I know most of it stem from me cooping myself at home all the time. But somehow, it runs deeper. Im not a very confident person to start off, I don't think there's a single event that triggered my low confidence. I refuse to get a job because im afriad of interviews, or meeting strangers. It's like they are questioning you in an alien language and you try your best to understand. I know I have the abilities, but I just don't know how to take that step.

Talking to myself has become part of the routine. I even have imaginary friends. Sometimes I tell them my worries and stuff, sometimes I dwell into my imaginary bank and think of all sorts of stories... ok, I beginning to freak myself out here too.

Split personalities I can take. I mean, people always say I 'talk' different when im on msn, or talking in person. You'll notice I talk alot more on msn, ok, make that type, and I talk alot less in front of people. There, I have people problems too. and I think I know why.

I'm so afraid of what people think of me, I might as well just shut up and listen. Or perhaps most of the time I wonder off in dreamland, pretending I understand what people are talking about. Laughing is easy, people laugh, you laugh along, don't really have to get what people are saying. I've learnt the art of reading facial expressions. Haha...

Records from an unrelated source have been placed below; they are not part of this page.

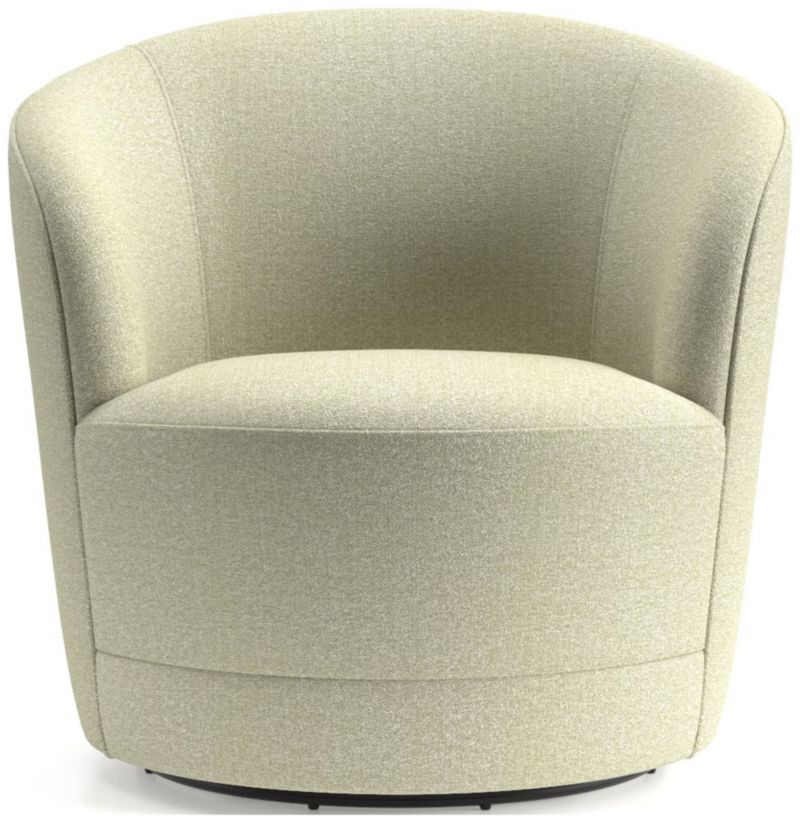 Infiniti Swivel Accent Chair - image 0 of 10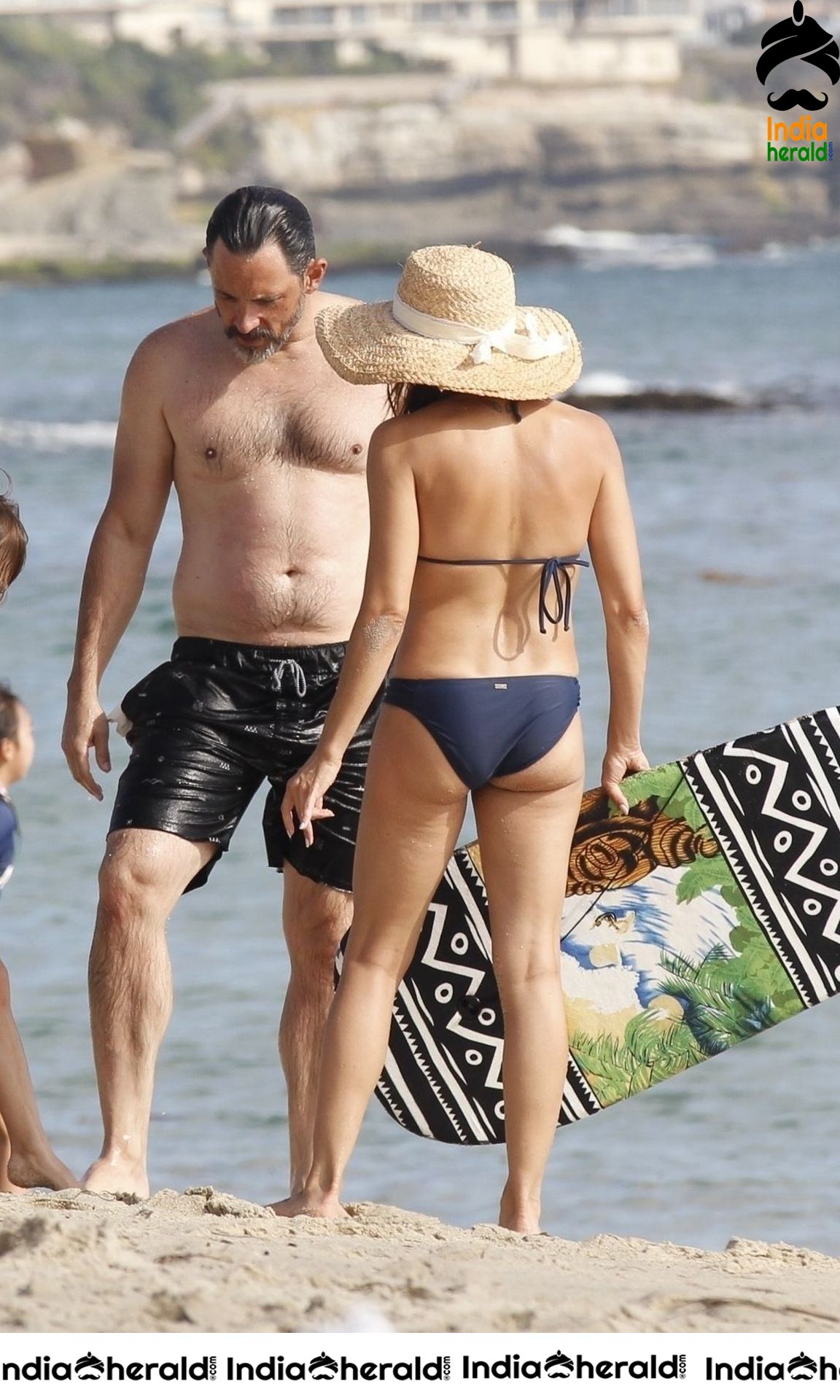 Jenna Dewan Hot Bikini Photos Set 1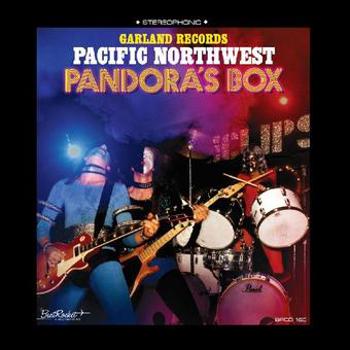 Music - CD Pacific Northwest Pandora's Box Book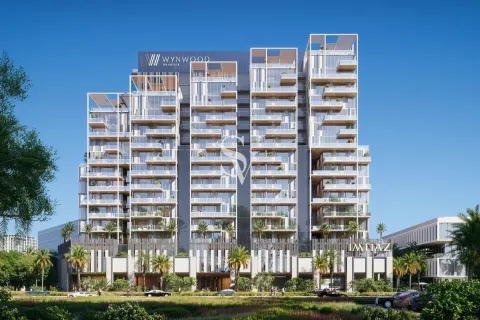 Apartman u Wynwood by Imtiaz u Dubai Waterfront, UAE 1 spavaća soba, 56 m2 Br. 658168 - fotografija 20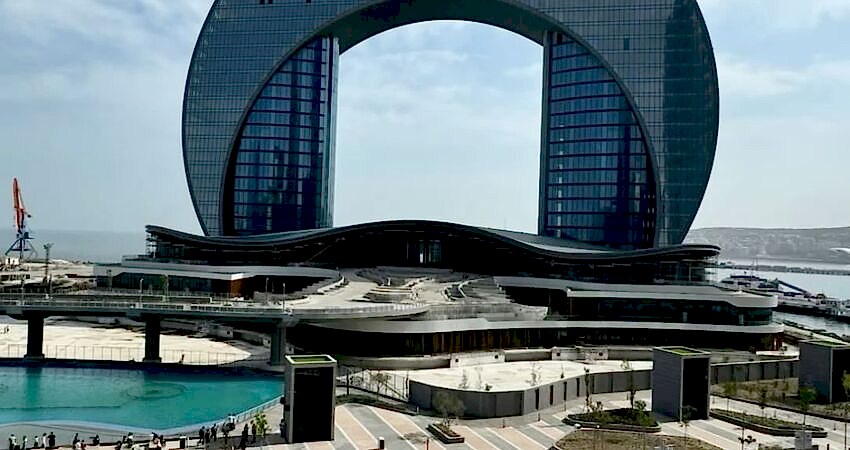 Ankara’dan Direkt Sefer Dolu Dolu Bakü Turu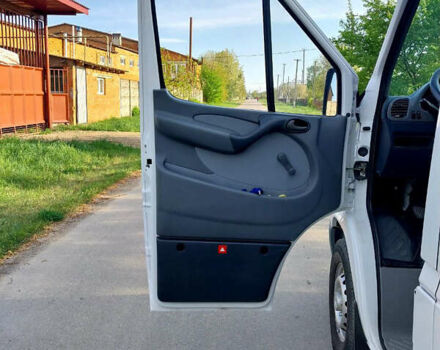 Білий Мерседес Sprinter, об'ємом двигуна 0 л та пробігом 311 тис. км за 8800 $, фото 17 на Automoto.ua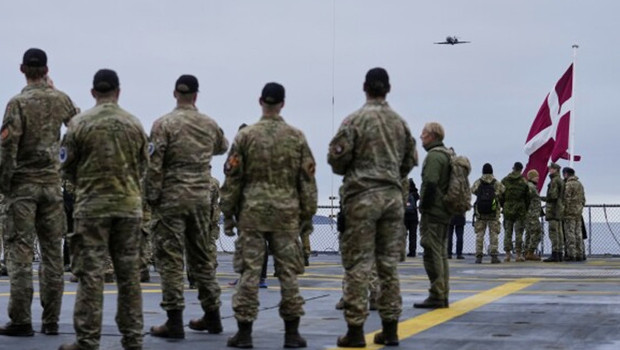 Almanya'nın Grönland'dan Çekilmesi: Askerler Ne Olacak?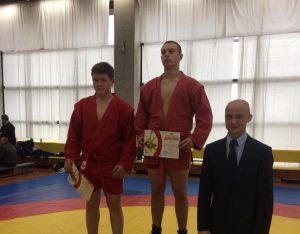 Раменские спортсмены – в числе победителей турнира по самбо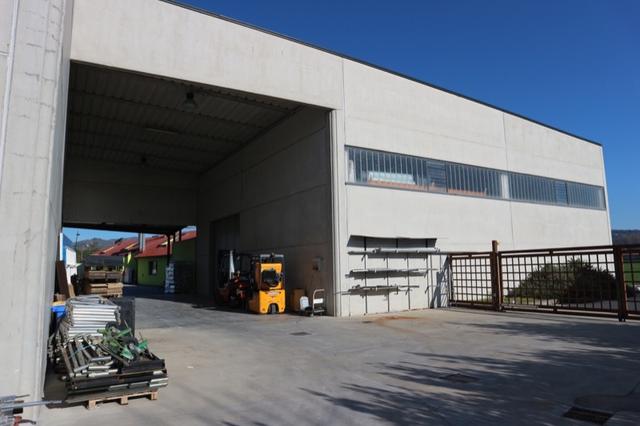 #12154 Complesso artigianale con pertinenze in vendita - foto 6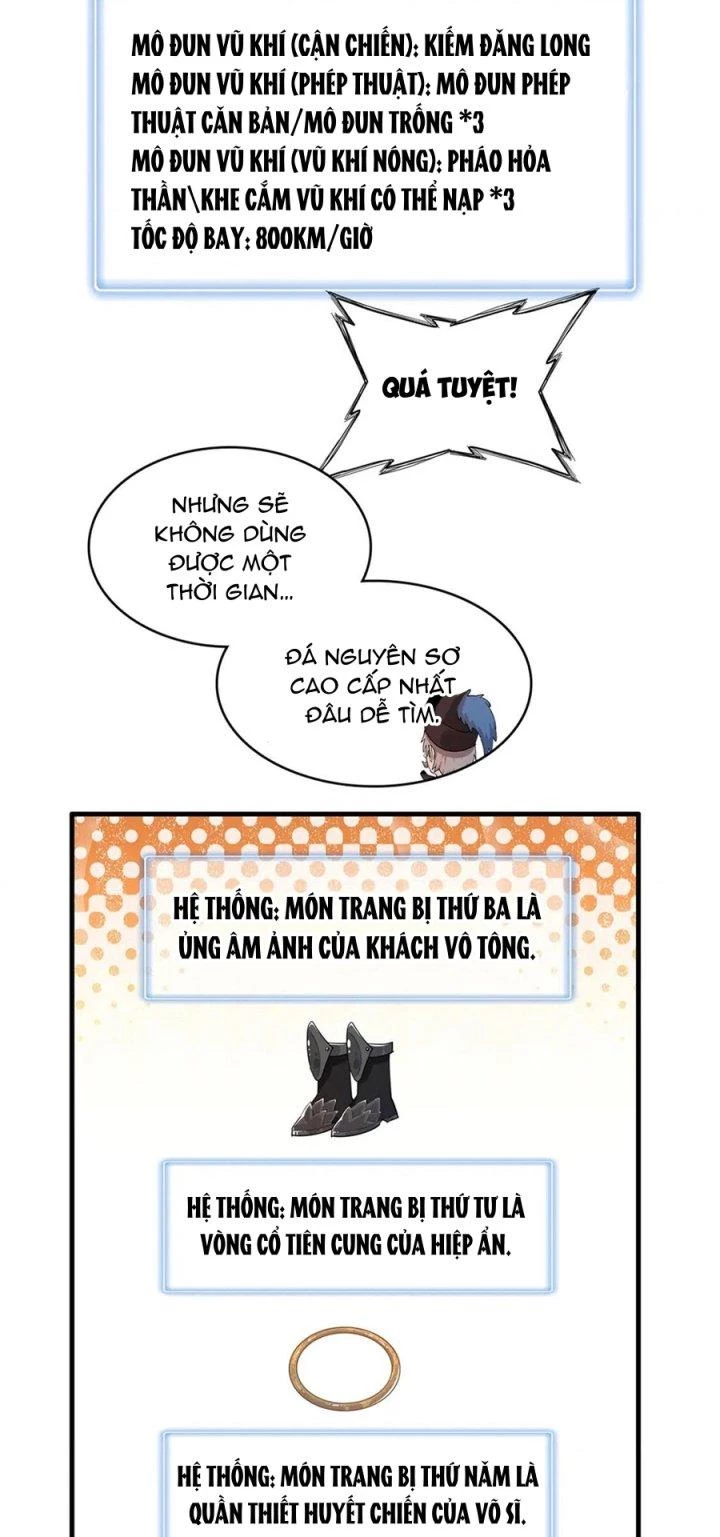 Từ Giờ, Ta Chính Là Bậc Thầy Của Pháp Sư Chapter 91 - 18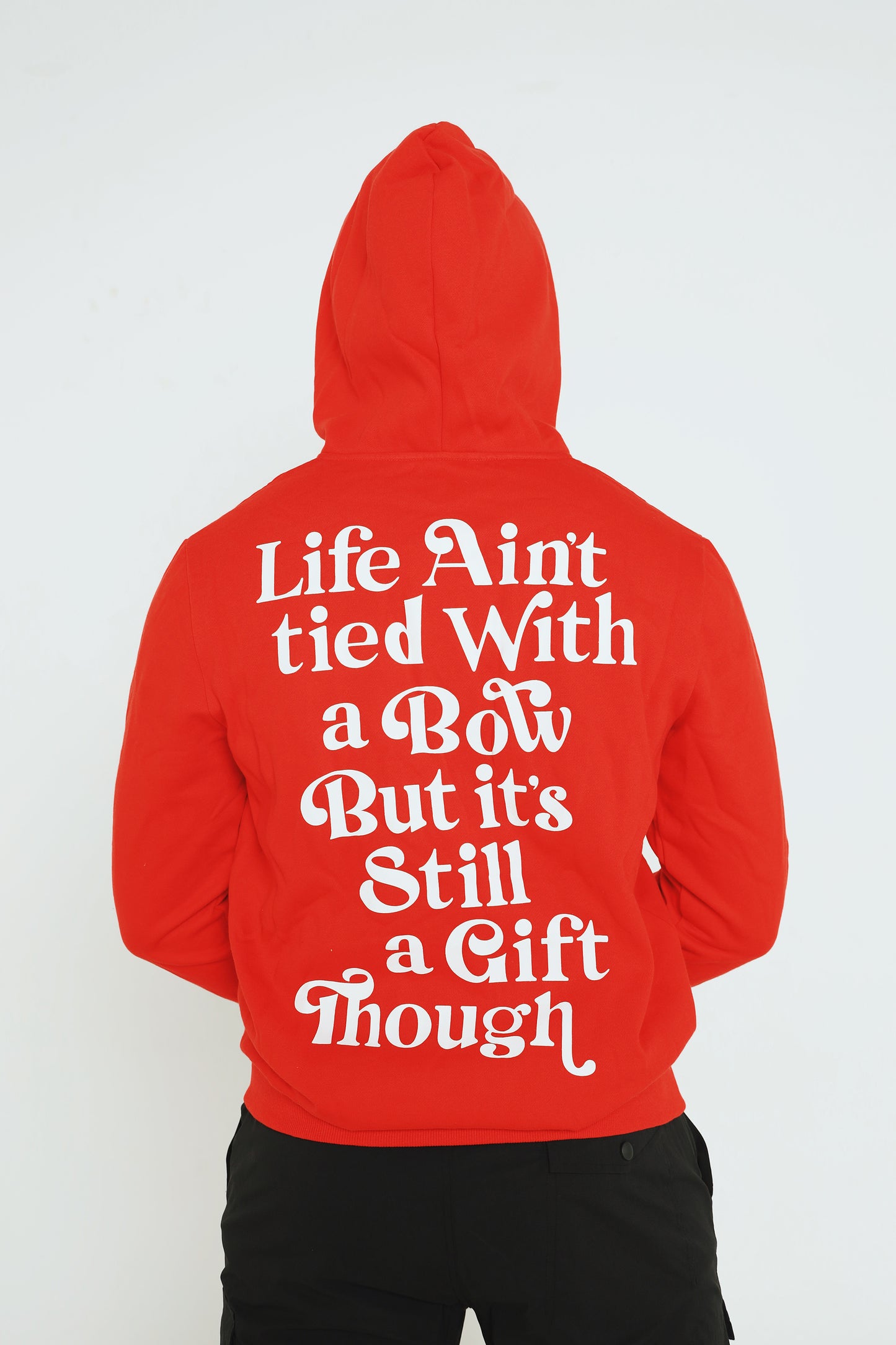 Kodak Mantra (Red  - Puff Print)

I have another example. Let's say I have a friend who dislikes some type of people. If I happen to have part of the trait, I try to change so my friend won't find me irritating. Ok, that's not a good example. Damn, I think people are going to get creeped out when they read this post. THIS IS ME. This is who I am deep inside. The one who would rather keep myself in my own room and cry my eye balls out, then come out and pretend nothing happened. "There was sand in my eyes."

Ok, was off ranting on my Twitter. I feel like crying now. Crap, this calls for SHINee's songs! iTunes hurry up open!!! Ahh... that's better. Im smiling now~~ Ok, back to the topic. I don't think anybody actually reads my blog also, they are all far too busy.

To be honest im glad I have Facebook games to keep me company. Is there a kind of job that allows me not to see anyone and still work and earn money? My mood always dampen when people BUG me about getting a job. Obviously, I won't tell them my problems, that's why they keep bugging. Irritating bugs. Please don't feel offended. I'm not in a good mood now. That's why SHINee came in to help me. For once I'm actually typing thoughts straight hot off my brain. I used to have... shit what's that word?! I used to have thoughts thought off because they can't appear here, now everything is coming out! Haha... this is fun.

Maybe I should end soon. My mind of filled with SHINee now, hard to continue this post.